*** INPUT DATA Section Begins ***

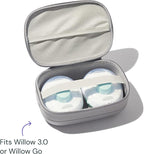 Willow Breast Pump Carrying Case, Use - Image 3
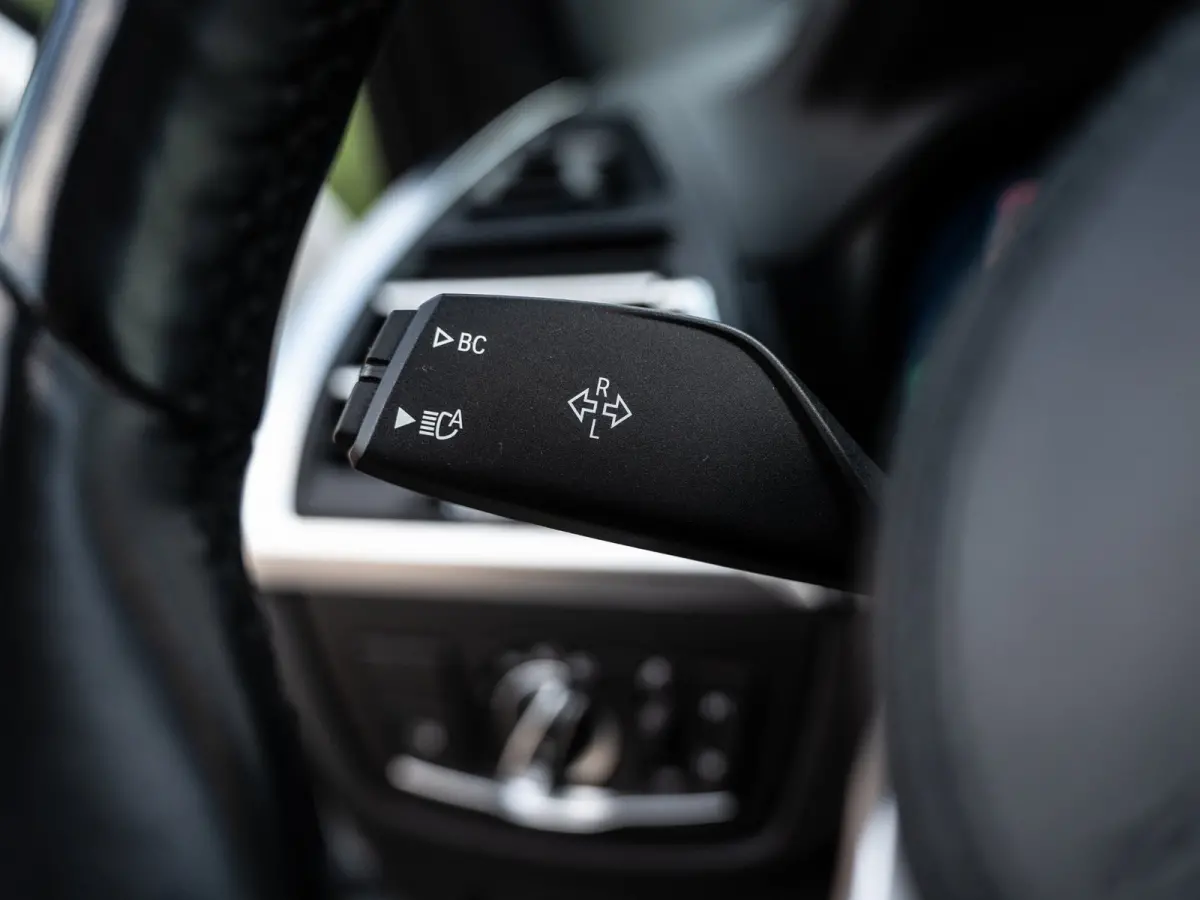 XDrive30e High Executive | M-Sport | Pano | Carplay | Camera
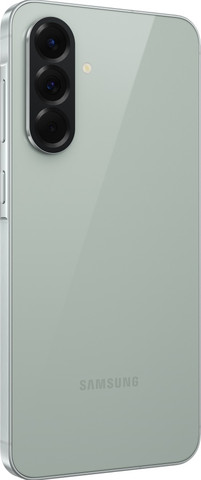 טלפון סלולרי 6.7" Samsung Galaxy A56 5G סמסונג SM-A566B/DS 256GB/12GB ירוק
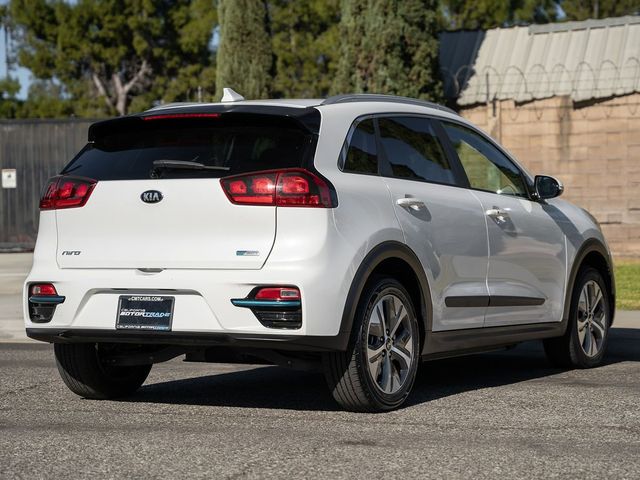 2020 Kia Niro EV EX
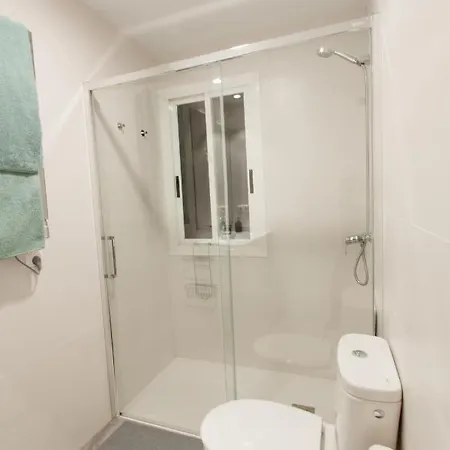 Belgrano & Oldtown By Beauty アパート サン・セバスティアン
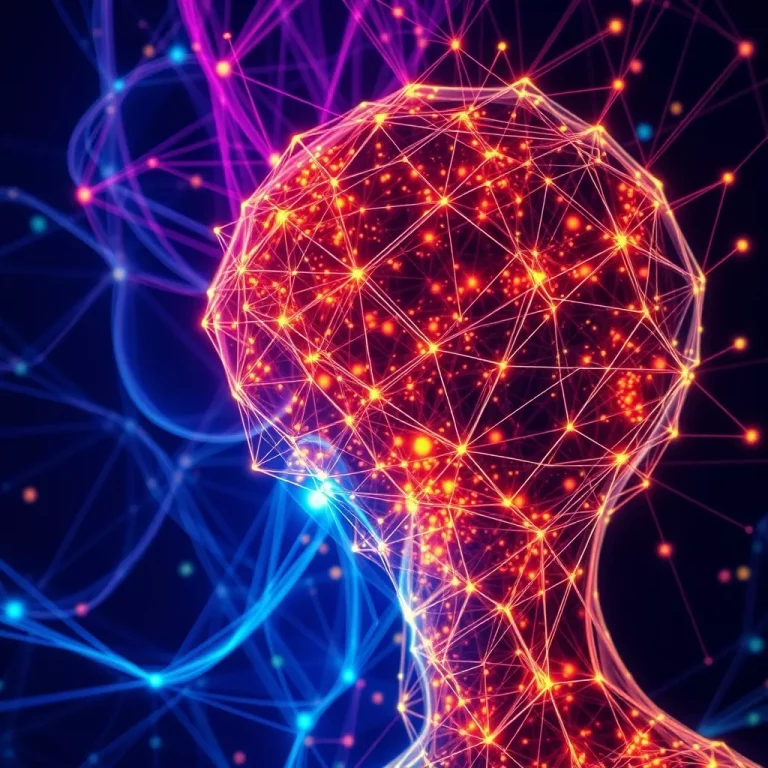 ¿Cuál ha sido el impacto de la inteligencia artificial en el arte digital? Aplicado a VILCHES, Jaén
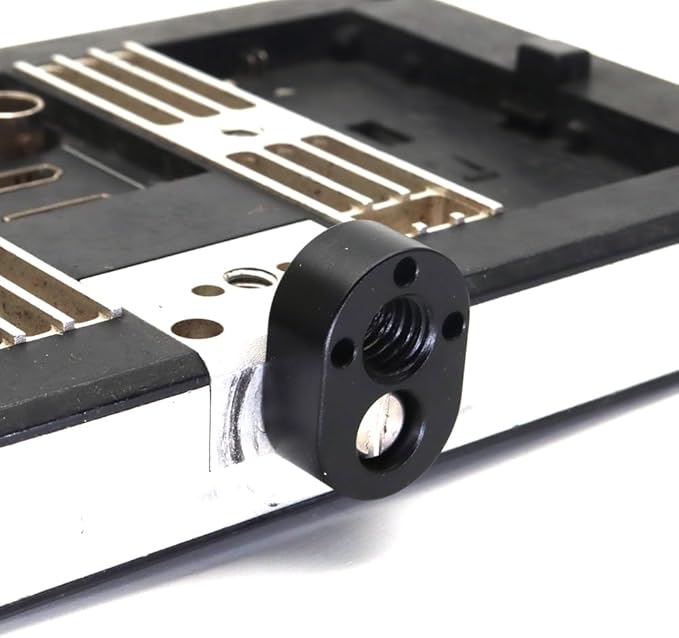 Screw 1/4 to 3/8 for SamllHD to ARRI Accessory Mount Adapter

*** INPUT DATA Section Ends ***

= WORK REQUIRED =
Set down, word for word, only the lines running from the line with "Belgrano & Oldtown By Beauty アパート サン・セバスティアン" through the final line of the entries above, omitting all pictures.

= RESPONSE AREA =
 Belgrano & Oldtown By Beauty アパート サン・セバスティアン
 ¿Cuál ha sido el impacto de la inteligencia artificial en el arte digital? Aplicado a VILCHES, Jaén
 Screw 1/4 to 3/8 for SamllHD to ARRI Accessory Mount Adapter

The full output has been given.